> Records to use:
►
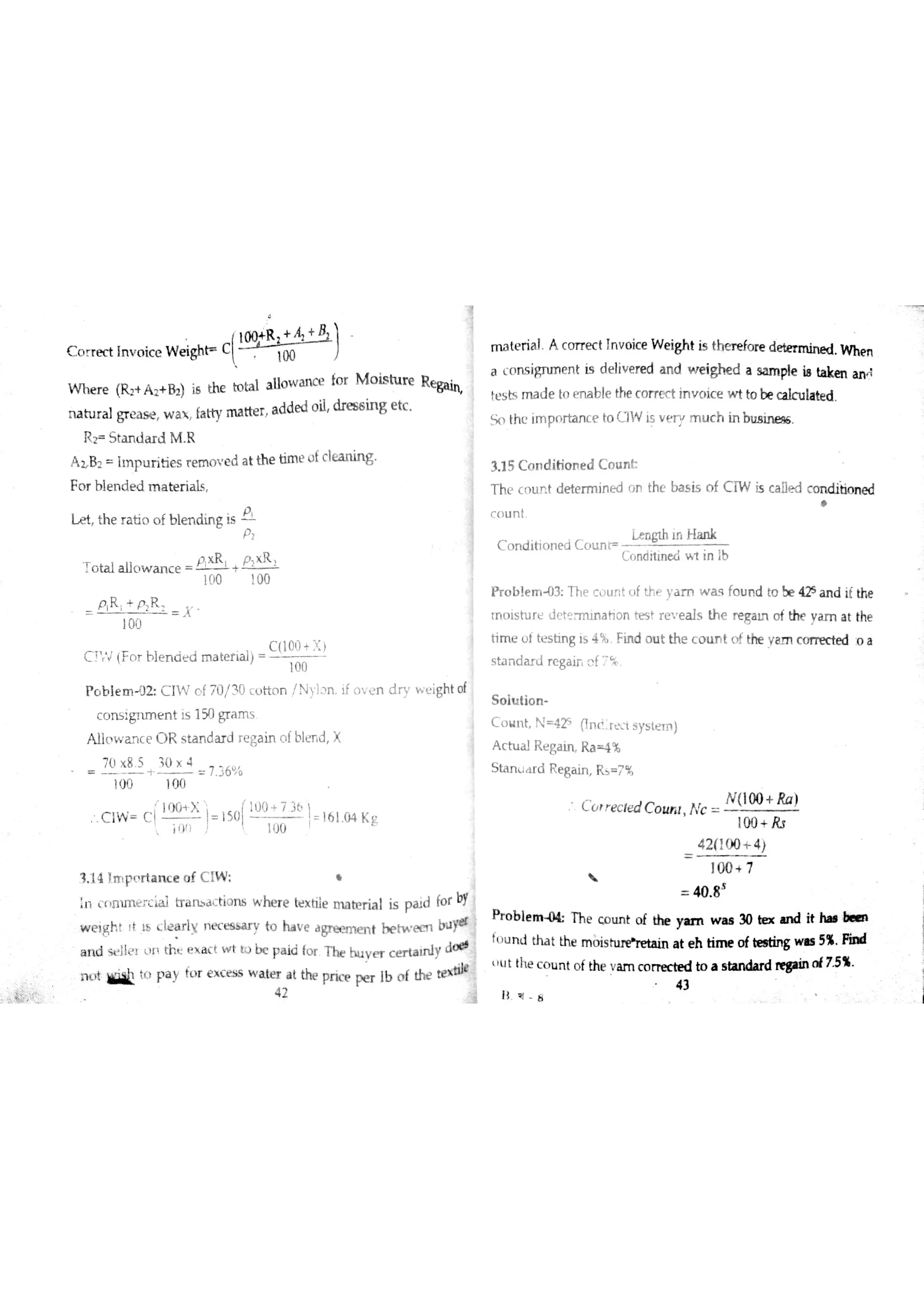 c o r re đ In v o ic e w e igh t c
(.W _ te ria ıA c o rr e c t Į n v o ic e w e igh t is the r e fo re d e te r m in e d w h m
a Ľ n s igru n e n t is d e liv e re d a n d w e igh e d a s am ple i8 ta ke n a n A
m tu r a l gr e a s e w a  ĺa tty m a tte r a dde d o il ? e s s in g e tc
M th Ľ im pn r ban Ĺ e to c ]w Įs v Ť p m u c h in b 1 ıB
P c b ıe m J2 C IW o f m l3 0 Ĺ H o n /N y ],n o v e n d r y w ť igh t o f
c o n s ign m e n t is 1 50 gr a m s
A 11c w m c e O R s ta n da r d r e ga in o fble n d X
TŁıx 8 5 10 × 4
十 7 36 も
1<)(J 10 0
C Iw c (T j]so ĺT !16 1 o 4 K g
3 15 C o n d itio n e d C o u n t
T hť c o u n t d e te r m in e d o n the b a s is o f C TW is c a Ðe d c o n d ib o n e d
c u n t
L e n gth lf H a n k
C o n d itio n e d C o u n p
C cm d ń m e đw l in łb
P r o b le m 0 3 T he c o u r t J f th e ya m w a s fo u r d to be 42s
a n d iť the
tf o ls tu r e d c t °a t i o n te s t r e v e a ls th e re ga m o f the a m a t the
tim e o t te s h n g is 4 % Fin d o u t the c o u f t o f the y am c o rre c te d :o a
s ta n d a r d r e ga ir c f7 %
S o lu tio n
C o u n t N 4 25
(ln
+
R isystel)
A c tu a l R e ga in R a ą %
S ta n r d R e ga in R3 = 7 1
V ł
1 1 4 }npņrtance o f C IW * 
40 8
S
:n <(lnu11į ai tıiırbd,-tiQns w he re hxtile m a te r ia l is p a id fo f by
Weį Įþt lł" Iłarıy n e c e s s æ y to ha v e a
gıe a n e rtt h e h e e n
X ŝ
' " e m ' " . ' " f . . " 30 . ın d it .
n *iilŁt p a y
f )r e x c e ss w a ber a t the pric e pe r 1b o f 山? teldilt
u t the c o u n t o fthe v a m c o to a s tın da r d regım o f7 5 %
lł q 8
R p S ta n tla r d M R
A z 8 2 Iır p u r itie s r e m o ų e d a t th e tim e ? fc le a n in g
F o r b le n d e d m a te r ia ıs
L e t th e ra tio o f b le n din g is
P
P
o ta l a llQ w a n c e +
lo 0 100
P R + p R
laü
・
C ï J (F o r b le n a e d m a te r ia l)
100
C o r r e c le d c o u m N c
N (100 + Ra )
100 + R $
4 2 1100 + 4 )
l n n 7
 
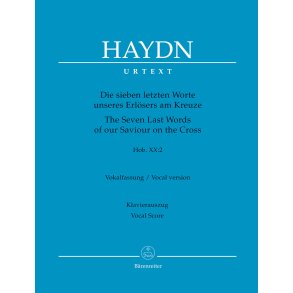 The Seven Last Words of our Saviour on the Cross - Haydn, Joseph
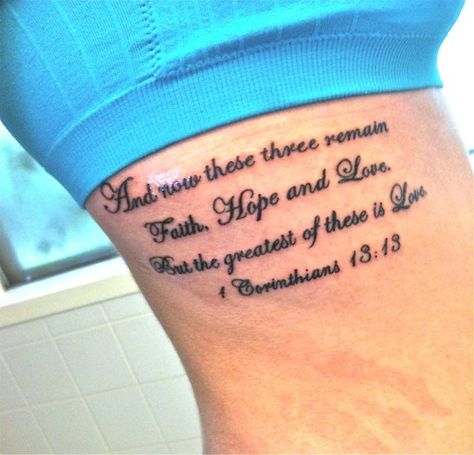 1 Corinthians 13 13 Tattoo | Corinthians 13:13 | Tattoos and Piercings Tattoos Bible, Tattoo Stomach, The Greatest Is Love, Rib Tattoo Quotes, Butterfly Name Tattoo, Tattoo Quotes About Strength, Bible Tattoos, Bible Verse Tattoos, Butterfly Tattoo Meaning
◄
> Problem to work on: A word-for-word reproduction is needed of the lines above from the line containing "R p S ta n tla r d M R" through the line containing "The Seven Last", with both ends kept and no pictures.

> Answer section:
R p S ta n tla r d M R
A z 8 2 Iır p u r itie s r e m o ų e d a t th e tim e ? fc le a n in g
F o r b le n d e d m a te r ia ıs
L e t th e ra tio o f b le n din g is
P
P
o ta l a llQ w a n c e +
lo 0 100
P R + p R
laü
・
C ï J (F o r b le n a e d m a te r ia l)
100
C o r r e c le d c o u m N c
N (100 + Ra )
100 + R $
4 2 1100 + 4 )
l n n 7
 
 The Seven Last Words of our Saviour on the Cross - Haydn, Joseph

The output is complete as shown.